# Disney and DIK



## Carolyn (Apr 13, 2009)

Has anyone been able to pull a Disney resort with a DIK week?  If so which week and year?  Thanks.

Carolyn


----------



## DianeV (Apr 13, 2009)

I havent. I have an ongoing search for summer with them and other resorts..like 33 resorts, some I have been able to pull before. But I havent been able to pull ANY DVC. I am using the 2009 week I believe (the one we were able to get last March)


----------



## MuranoJo (Apr 13, 2009)

I've heard some SA owners have been able to--not sure they were using DIK, though.


----------



## PClapham (Apr 14, 2009)

Dik weeks can be converted to rci points-maybe that way you could get Disney?
Anita


----------



## AwayWeGo (Apr 14, 2009)

*Not Dikhololo -- But Points Are Points.*




PClapham said:


> Dik weeks can be converted to rci points-maybe that way you could get Disney?


Just yesterday we did _Points For Deposit_ with a banked Lowveld Lodge week.  
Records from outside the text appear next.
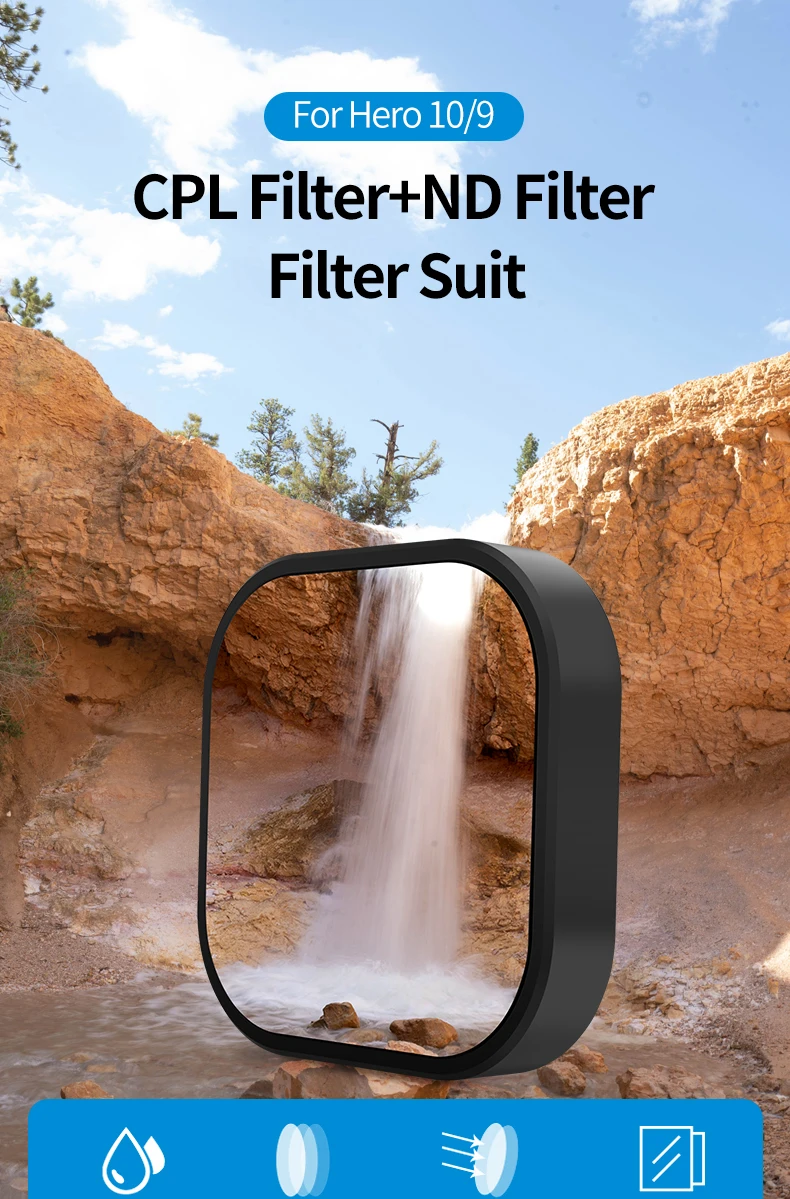 TELESIN 4 Packs ND8 ND16 ND32 CPL Lens Filter Set for Gopro Hero 10 9 Black Action Camera Accessories ND CPL Alloy Frame Lens TELESIN 4 Packs ND8 ND16 ND32 CPL Lens Filter Set for Gopro Hero 10 9 Black Action Camera Accessories ND CPL Alloy Frame Lens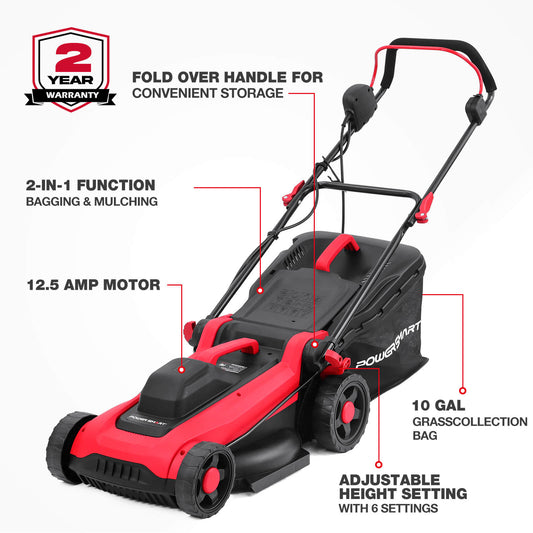 PowerSmart 14" 15Amp Electric Corderd Push Lawn Mower DB8015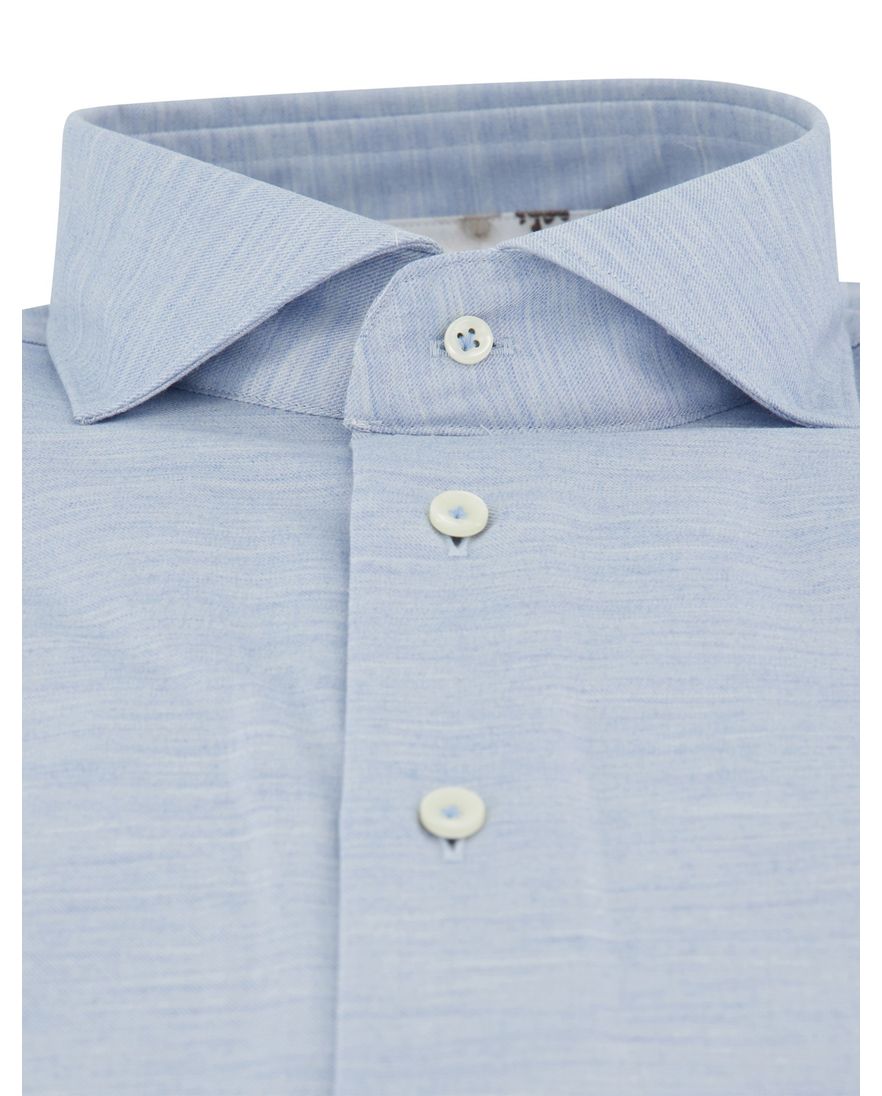 Profuomo overhemd lichtblauw gemeleerd strijkvrij ml7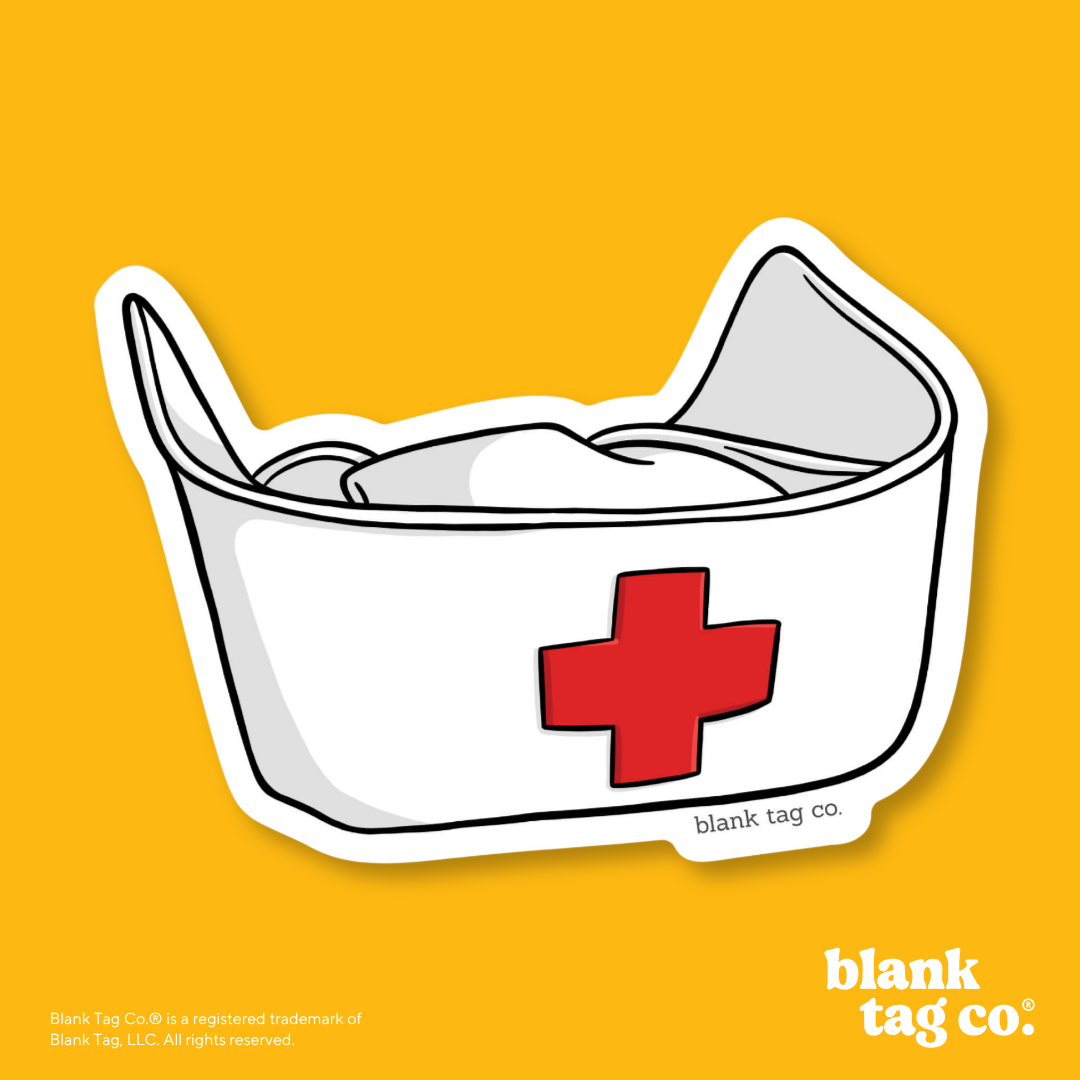 Blank Tag Co.® Waterproof Sticker - Retro Nurse Hat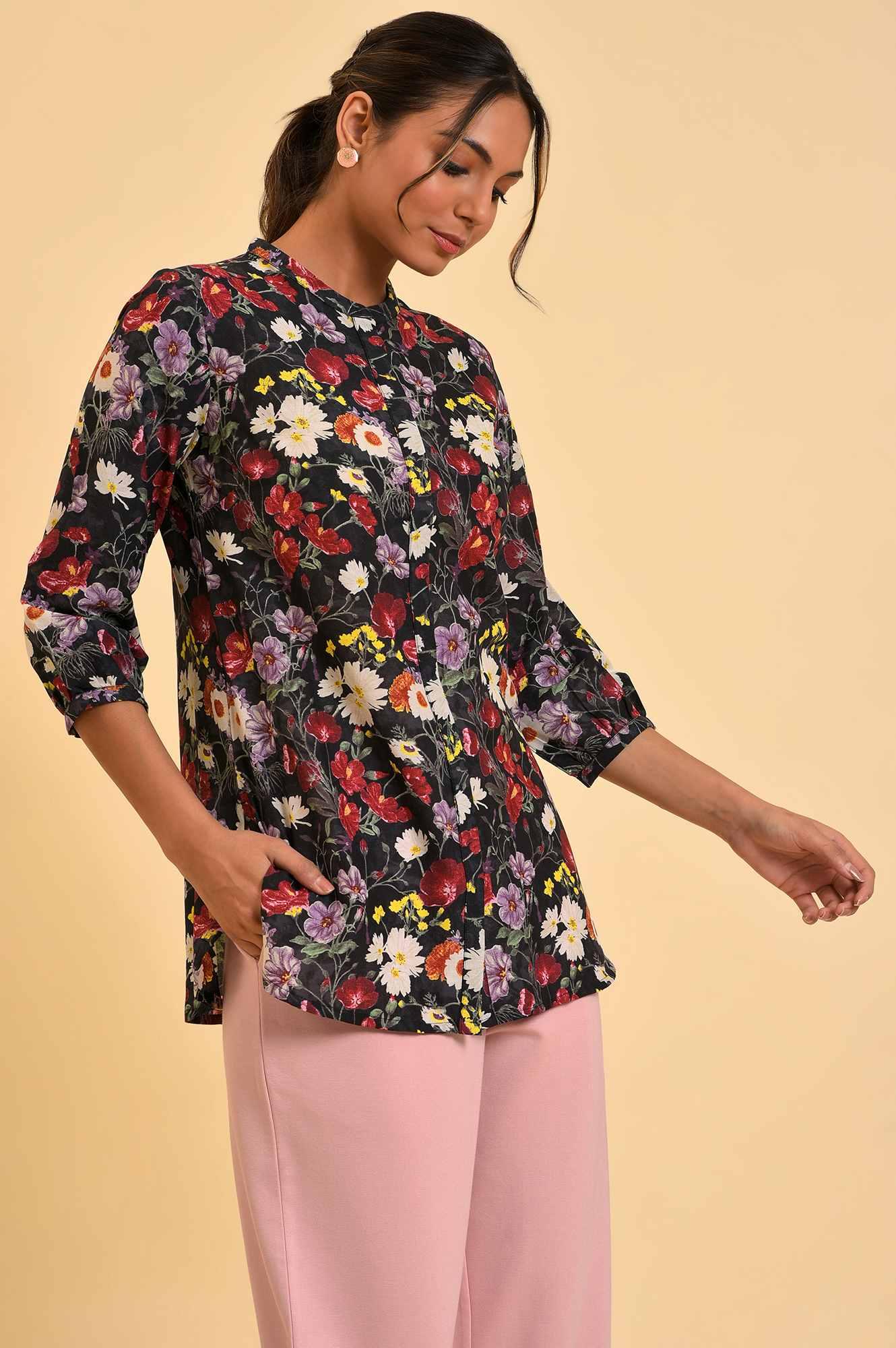 Black Floral Printed Button Down Top - Image 4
That got 39*,*500 RCI Points added to our points balance -- not enough for DVC most likely, but it's something. 

(We tried to buy Dikhololo because of its reputation as a  _Tiger Trader_, but we settled for Lowveld Lodge.  So it goes.)

-- Alan Cole, McLean (Fairfax County), Virginia, USA.​


----------



## janej (Apr 14, 2009)

My Dik 2010 week that just got deposited trades very poorly.  It pulls a little over 100k.  This is the first week I deposited since the new system.  So I don't have much to compare.  But I can not seem to get anything from the sightings, let alone Disney.  My 2009 week traded very well.  I was able to see almost everything posted on sightings.


----------



## mqlet (Apr 16, 2009)

Here are my results for my 2009 vs 2010 1bd Dik weeks:

Dikhololo (#1999)  	 Feb 2008 to Feb 2011  	
[122,561]

Dikhololo (#1999) 	Mar 2009 to Mar 2012 	
[102,504]


Since they cover different time periods, I'm not sure which one is stronger.  Also, how do you configure the search engine in RCI to look for Disney resorts only.

Thanks,
Mark


----------



## janej (Apr 16, 2009)

Mark,

Your 09 week has a little smaller actual travel period (Apr 2009 - Feb 2011) vs Apr 2009 - Apr 2011) and offers 20% more units.  I'd say the 09 week is stronger than the 2010 week.  My Apr 2010 deposit trades similar to your March 2010 deposit.

Jane


----------



## Pat H (Apr 16, 2009)

I've seen lots of DVC with my 2009 & 2010 Dik for Oct & Nov 2009.


----------



## janej (Apr 16, 2009)

Pat H said:


> I've seen lots of DVC with my 2009 & 2010 Dik for Oct & Nov 2009.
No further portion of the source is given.